MEDL Mobile

Women in STEM Industries

march 6, 2020

Silhouettes of female figureheads illustration

International Women’s Day celebrates the social, economic, cultural and political achievements of women. It was first celebrated on March 19th, 1911 in Austria, Denmark, Germany, and Switzerland. Both men and women attended rallies to speak up for women’s rights to vote and to work. However, even with these huge efforts, there is still a long way to go. According to Catalyst, the higher the corporate ladder, the fewer the women in S&P 500 companies. STEM Women states that the percentage of female students studying engineering and technology degrees made up of a mere 19% of the total students between 2017 and 2018.

International Women’s Day 2020 #EachforEqual campaign emphasizes that each and every individual can make a drastic difference for gender equality by raising awareness or celebrating women’s achievements.
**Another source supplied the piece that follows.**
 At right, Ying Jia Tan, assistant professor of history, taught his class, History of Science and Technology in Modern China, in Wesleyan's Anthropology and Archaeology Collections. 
Women have made and are continually making huge impacts in many industries, especially in technology. In the 19th century, there were few women who pursued a career in the STEM fields. However, positions and opportunities were limited. Only single women were able to stay with their Science and Technology jobs. But, this didn’t stop women like Ada Lovelace and Grace Hopper.

Ada Lovelance

Lovelace performed as the key interpreter for Babbage’s project, “the analytical engine”. This mathematical machine has thousands of cogwheels having the ability to perform more functions with higher accuracy. Lovelace translated an article by Charles Babbage, adding in her own notes including machine algorithms and how Babbage’s device works. She was able to contribute her knowledge and wisdom to computer science.
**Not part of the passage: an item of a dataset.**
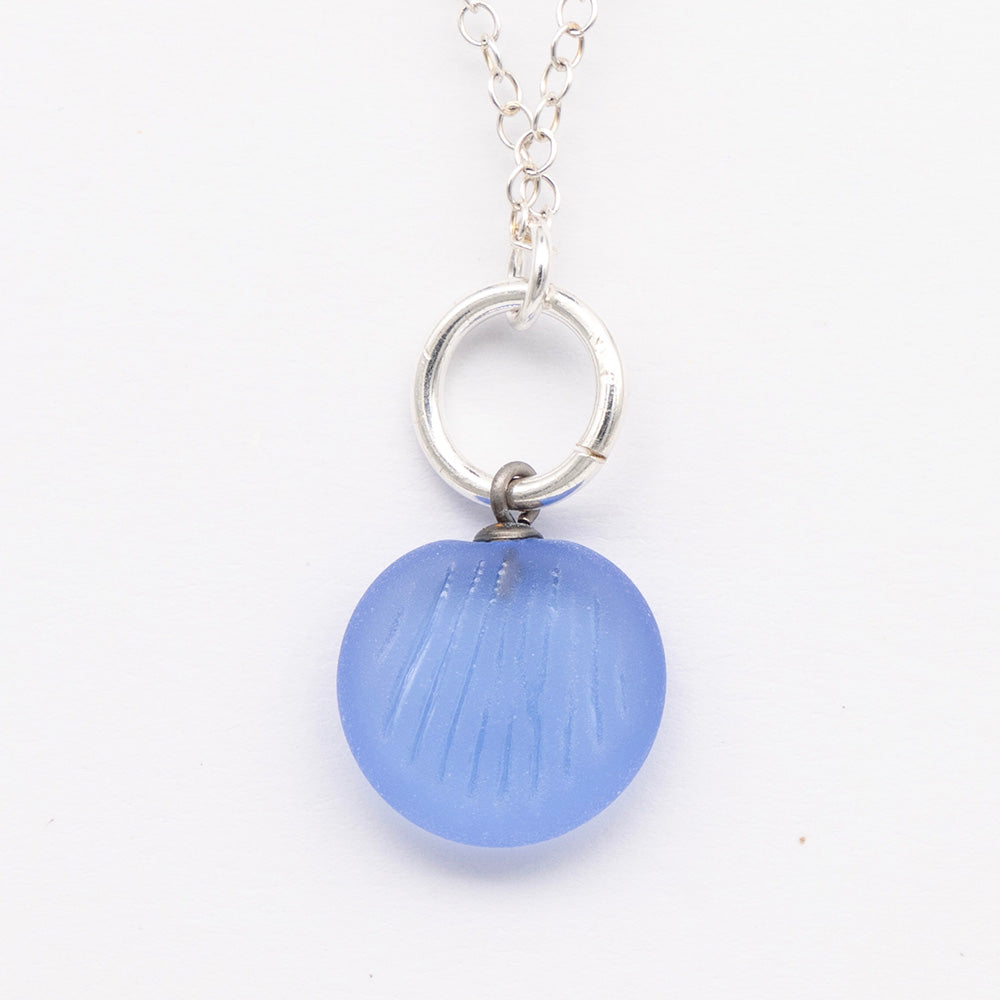 Close up of blue frosted glass charm with shell imprint on a plain white background. The charm is frosted, and spiral is shiny. The charm hangs on a large silver jump ring. The necklace is completed with a small silver jump ring and silver chain.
Image Source: 1843 Magazine

Grace Hopper

The mother of computing. Hopper firmly believed that computer code could be written or read by computers in the English language. She led the development of the first computer language compiler, a precursor of the Common Business Oriented Language. In 1991, Hopper was the first female awarded the National Medal of Technology for her contributions to tech innovation.

Image Source: Yale

These women helped pave a path for other women in the 21st century and beyond to continue to contribute to technologies’ rapid growth rate.

Megan Price

Price once stated in an interview with Amstat News that she has always been a math nerd. She obtained her Bachelor’s and Master’s degree in the field of Statistics and earned her Doctorate in Biostatistics. She currently serves as the executive director at the Human Rights Data Analysis Group. Her strategies and methods for statistical analysis of human rights resulted in further advancing philanthropic endeavors.

Image Source: HRDAG

Neha Narkhede

Narkhede worked at Linkedin as a Senior Software Engineer. She and her team were able to develop Apache Kafka, a system capable of processing billions of events each day. This system is good for implementing large scale message processing applications, metric gathering, activity tracking, etc. She is currently the co-founder and CTO of Confluent, a streaming data technology company.

Image Source: Twitter

Although there is still a low percentage of women in STEM, there are ways to empower and encourage women in these fields. Offering support, recognizing gender bias, and including everyone’s voices can go a long way in pushing towards the efforts of women’s equality. At MEDL Mobile, we possess a high value of diversity in the workplace and believe in its intrinsic value. A diverse environment encourages innovative thinking, an exchange of diverse ideas, and different perspectives.